It was a very concerted effort that led to the Paris terrorist attacks last November. That much we already knew. What we didn’t know, up until the release of a 55-page report compiled by the French anti-terrorism police for France’s Interior Ministry, was the extent to which the terrorists used burner phones in order to avoid detection, reports The New York Times.
According to the report, the terrorists used either new phones or phones that were taken from their victims in order to communicate with each other. And the terrorists discarded all of them, with one assailant activating a phone less than an hour before he carried out a suicide attack.
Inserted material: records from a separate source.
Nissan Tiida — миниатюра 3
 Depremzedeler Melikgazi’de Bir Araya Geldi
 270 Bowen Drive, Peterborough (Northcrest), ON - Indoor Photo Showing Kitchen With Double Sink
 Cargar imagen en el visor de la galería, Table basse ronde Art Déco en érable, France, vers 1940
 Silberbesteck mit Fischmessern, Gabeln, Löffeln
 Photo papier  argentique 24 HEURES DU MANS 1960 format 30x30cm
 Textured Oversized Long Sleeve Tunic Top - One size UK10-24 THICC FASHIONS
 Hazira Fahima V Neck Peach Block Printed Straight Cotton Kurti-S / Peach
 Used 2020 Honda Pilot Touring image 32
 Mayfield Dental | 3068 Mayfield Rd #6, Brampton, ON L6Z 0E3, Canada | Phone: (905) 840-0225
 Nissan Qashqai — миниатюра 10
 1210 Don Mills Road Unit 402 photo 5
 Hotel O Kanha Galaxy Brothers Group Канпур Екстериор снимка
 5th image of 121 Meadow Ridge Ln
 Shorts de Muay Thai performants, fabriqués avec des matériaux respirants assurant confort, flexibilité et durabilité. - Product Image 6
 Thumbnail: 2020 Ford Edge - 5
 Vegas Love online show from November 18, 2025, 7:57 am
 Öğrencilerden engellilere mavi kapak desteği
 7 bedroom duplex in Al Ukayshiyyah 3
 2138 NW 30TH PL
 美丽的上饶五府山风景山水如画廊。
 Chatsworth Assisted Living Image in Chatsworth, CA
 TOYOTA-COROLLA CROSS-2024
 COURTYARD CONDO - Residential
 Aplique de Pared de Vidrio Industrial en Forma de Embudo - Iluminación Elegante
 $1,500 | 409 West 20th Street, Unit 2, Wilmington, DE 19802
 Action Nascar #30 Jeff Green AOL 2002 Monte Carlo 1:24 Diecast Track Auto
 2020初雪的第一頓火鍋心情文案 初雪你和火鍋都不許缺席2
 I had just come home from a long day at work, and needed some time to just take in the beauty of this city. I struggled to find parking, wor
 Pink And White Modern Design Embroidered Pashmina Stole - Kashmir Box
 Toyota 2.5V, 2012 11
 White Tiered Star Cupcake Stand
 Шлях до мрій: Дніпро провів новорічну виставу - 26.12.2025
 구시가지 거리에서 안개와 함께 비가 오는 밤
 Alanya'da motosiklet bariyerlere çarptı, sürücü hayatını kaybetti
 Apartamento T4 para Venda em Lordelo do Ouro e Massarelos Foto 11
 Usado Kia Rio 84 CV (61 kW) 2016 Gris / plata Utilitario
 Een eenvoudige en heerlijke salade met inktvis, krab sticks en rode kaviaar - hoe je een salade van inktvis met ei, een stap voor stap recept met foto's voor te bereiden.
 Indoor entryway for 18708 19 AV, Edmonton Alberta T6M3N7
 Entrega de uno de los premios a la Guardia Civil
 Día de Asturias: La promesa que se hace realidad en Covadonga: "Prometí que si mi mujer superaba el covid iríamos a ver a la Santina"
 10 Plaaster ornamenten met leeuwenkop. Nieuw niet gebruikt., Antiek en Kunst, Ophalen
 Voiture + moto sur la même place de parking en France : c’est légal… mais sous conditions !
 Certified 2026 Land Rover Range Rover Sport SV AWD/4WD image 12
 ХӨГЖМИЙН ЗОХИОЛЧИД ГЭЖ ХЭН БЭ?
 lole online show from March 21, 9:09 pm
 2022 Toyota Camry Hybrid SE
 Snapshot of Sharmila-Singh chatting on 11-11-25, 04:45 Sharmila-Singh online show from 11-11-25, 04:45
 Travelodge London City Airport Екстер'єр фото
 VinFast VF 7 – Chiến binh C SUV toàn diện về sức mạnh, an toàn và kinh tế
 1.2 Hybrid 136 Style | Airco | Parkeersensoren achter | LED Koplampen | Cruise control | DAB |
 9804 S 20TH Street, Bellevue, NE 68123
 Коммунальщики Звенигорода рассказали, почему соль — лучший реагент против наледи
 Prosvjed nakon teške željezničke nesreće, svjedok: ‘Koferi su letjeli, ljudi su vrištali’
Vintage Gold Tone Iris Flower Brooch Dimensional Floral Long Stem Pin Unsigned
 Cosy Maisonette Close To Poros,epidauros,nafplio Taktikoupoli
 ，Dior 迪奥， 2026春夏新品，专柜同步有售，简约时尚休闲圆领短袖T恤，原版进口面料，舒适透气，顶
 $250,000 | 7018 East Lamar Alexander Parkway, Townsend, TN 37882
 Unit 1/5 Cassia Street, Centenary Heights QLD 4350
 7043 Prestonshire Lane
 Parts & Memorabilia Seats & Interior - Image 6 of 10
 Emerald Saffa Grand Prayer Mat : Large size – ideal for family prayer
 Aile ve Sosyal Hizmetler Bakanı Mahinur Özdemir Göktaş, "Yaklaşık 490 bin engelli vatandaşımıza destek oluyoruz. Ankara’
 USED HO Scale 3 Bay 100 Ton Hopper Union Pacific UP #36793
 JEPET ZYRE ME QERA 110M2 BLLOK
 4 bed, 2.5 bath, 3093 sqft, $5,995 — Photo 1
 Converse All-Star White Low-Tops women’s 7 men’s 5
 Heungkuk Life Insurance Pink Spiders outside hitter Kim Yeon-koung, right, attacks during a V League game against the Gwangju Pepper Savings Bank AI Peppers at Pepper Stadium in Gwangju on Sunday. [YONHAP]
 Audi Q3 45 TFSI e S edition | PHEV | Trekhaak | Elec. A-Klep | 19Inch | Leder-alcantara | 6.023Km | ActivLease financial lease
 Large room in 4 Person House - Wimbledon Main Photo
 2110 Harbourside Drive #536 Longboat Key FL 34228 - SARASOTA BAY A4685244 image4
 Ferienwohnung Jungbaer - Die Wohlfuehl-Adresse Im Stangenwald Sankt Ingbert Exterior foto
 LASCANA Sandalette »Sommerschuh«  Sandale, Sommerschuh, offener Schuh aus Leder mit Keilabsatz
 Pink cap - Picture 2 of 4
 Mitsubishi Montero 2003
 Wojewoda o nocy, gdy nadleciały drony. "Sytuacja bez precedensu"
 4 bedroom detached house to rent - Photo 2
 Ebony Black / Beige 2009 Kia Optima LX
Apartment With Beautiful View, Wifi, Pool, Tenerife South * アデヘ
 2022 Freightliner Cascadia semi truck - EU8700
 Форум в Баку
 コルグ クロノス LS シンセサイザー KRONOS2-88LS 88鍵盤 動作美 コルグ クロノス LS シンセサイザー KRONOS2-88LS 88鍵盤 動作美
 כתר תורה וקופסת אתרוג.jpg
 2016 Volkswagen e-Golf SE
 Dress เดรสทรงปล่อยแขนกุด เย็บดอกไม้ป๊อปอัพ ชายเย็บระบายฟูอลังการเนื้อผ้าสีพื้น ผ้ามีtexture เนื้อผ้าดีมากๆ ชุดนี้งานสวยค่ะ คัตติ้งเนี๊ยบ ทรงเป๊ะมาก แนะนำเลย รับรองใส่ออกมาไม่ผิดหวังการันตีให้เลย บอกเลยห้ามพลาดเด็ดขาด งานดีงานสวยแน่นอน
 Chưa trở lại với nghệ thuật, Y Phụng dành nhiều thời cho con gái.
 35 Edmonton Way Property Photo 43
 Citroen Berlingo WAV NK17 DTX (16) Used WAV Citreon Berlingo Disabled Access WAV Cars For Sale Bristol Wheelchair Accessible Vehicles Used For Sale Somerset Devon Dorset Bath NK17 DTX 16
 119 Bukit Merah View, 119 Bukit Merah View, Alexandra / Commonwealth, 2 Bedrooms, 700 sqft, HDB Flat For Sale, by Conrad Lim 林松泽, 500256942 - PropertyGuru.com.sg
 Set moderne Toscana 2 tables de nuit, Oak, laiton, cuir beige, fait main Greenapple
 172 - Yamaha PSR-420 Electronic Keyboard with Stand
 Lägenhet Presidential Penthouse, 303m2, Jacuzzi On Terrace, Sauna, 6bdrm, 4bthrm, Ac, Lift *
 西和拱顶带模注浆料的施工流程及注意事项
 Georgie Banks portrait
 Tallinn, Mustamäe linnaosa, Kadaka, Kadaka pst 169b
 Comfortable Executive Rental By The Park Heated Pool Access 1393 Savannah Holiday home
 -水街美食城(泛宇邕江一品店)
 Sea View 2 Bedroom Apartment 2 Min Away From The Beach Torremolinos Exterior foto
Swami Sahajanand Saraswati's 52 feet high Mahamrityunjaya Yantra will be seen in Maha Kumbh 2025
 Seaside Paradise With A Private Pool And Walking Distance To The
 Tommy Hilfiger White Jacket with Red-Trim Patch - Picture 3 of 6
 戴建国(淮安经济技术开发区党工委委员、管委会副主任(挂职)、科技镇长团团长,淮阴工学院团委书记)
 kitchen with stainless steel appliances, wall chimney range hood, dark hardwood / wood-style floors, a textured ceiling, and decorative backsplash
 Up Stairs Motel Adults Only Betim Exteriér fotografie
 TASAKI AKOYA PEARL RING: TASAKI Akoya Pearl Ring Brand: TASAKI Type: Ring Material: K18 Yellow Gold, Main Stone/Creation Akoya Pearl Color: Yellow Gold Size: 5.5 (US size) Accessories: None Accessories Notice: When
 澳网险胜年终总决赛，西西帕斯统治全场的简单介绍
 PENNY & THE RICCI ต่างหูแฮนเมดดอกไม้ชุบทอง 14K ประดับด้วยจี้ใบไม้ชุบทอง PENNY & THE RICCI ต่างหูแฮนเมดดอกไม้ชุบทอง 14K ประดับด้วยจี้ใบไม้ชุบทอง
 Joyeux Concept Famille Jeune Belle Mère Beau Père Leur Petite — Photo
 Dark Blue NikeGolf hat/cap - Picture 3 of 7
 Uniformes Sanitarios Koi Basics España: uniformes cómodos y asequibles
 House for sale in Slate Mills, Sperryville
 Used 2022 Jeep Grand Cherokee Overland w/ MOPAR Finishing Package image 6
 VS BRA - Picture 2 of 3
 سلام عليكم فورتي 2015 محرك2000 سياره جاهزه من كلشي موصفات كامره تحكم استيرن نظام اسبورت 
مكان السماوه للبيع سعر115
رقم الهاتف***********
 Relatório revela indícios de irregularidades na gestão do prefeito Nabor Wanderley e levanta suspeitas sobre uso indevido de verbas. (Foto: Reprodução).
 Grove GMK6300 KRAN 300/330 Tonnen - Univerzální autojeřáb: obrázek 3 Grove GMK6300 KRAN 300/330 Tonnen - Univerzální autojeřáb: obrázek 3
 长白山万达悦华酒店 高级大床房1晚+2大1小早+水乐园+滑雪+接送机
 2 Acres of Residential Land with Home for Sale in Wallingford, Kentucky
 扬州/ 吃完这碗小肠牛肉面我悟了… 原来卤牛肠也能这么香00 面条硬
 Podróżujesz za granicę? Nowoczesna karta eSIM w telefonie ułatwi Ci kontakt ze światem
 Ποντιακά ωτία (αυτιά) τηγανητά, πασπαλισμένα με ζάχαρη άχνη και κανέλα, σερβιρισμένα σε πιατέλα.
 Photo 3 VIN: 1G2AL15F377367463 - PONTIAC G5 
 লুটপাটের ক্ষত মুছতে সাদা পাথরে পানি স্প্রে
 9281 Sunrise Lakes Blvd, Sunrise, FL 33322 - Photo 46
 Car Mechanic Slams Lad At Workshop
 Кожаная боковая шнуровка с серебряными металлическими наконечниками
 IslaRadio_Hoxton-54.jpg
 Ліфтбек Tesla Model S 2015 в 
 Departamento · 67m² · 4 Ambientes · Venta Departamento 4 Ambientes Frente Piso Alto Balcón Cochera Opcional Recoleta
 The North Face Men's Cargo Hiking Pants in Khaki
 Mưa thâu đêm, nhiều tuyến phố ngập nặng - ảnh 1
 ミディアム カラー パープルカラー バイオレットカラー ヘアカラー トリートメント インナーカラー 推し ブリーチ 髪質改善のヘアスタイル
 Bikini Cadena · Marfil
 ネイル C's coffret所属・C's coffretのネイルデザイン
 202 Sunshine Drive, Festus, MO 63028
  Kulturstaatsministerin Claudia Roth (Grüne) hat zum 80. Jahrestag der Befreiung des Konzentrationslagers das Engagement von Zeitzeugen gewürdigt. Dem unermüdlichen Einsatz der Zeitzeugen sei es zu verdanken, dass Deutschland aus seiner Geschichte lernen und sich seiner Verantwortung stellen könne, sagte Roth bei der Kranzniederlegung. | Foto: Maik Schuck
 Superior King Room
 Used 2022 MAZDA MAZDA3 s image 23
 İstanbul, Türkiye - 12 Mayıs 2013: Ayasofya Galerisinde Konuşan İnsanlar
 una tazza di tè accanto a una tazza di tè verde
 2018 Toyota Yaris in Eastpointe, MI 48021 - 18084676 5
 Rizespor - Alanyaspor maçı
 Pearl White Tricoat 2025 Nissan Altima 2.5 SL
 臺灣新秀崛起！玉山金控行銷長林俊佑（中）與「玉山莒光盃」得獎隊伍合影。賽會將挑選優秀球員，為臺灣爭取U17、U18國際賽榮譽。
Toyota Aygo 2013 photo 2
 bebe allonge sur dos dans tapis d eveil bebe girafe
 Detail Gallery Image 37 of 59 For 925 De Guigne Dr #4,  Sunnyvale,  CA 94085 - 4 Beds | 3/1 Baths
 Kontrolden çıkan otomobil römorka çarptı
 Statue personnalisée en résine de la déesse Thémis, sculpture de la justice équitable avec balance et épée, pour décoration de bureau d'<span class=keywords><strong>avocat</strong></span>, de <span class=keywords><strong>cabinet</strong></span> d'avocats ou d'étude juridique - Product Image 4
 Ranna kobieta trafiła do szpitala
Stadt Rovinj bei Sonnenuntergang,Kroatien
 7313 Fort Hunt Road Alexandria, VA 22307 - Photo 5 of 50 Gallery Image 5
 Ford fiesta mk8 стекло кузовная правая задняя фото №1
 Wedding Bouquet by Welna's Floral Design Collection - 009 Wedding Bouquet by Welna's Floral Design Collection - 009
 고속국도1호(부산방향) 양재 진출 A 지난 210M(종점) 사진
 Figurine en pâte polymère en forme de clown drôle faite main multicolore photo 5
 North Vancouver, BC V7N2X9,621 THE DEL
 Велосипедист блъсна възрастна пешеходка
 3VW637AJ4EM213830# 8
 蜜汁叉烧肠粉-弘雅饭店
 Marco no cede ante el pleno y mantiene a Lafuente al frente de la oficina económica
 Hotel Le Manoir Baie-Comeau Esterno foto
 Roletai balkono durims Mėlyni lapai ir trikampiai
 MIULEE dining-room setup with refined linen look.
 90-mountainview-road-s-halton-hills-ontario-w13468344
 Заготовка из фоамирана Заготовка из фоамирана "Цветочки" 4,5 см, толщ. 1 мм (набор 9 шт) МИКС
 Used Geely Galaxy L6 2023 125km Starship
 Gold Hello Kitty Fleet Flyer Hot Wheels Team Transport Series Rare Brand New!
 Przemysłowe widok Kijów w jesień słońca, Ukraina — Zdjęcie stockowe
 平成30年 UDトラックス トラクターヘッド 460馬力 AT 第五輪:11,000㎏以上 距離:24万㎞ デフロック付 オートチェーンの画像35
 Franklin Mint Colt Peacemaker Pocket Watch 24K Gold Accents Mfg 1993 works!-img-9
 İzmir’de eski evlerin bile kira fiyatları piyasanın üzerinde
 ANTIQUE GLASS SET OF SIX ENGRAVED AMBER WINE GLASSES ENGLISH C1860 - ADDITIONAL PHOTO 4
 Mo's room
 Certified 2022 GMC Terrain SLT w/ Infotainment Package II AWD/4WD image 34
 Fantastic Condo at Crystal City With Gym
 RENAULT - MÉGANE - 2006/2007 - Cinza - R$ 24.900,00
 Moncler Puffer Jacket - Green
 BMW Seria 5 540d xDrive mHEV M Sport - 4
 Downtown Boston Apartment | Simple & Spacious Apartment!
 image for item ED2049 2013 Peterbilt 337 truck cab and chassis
The investigation of the terrorists’ movements revealed the repeated use of burner phones, with dozen of such phones discovered unused. This is where things get interesting, however, as among all the burner phones, there wasn’t a single e-mail or online chat message found. In other words, the assailants seemed to have known such communication venues would be monitored by intelligence agencies, and this appeared to lead them to rely on regular cellular network calls instead of encryption.
This information seems to show how effective the use of burner phones still is. The report as a result has the potential to undermine the argument that encryption creates an environment for terrorists to freely communicate with each other, the same argument currently used by the FBI and other agencies.
There was an instance when a woman saw what she believed to be “a bunch of lines, like lines of code” from a terrorist’s computer, which would coincide with ISIS’ claim of encryption use during the Paris attacks. However, the woman saw that when the computer was first booting up, which would likely indicate that it was just a verbose boot, or a boot that lets the user see the code output when your computer boots up.
Although last December, investigators believed that they had found encrypted apps used by the terrorists to hide their attack plotting, that was when the investigation was still nascent. The final 55-page report now appears to show that encryption had a small to nonexistent role in the Paris attacks.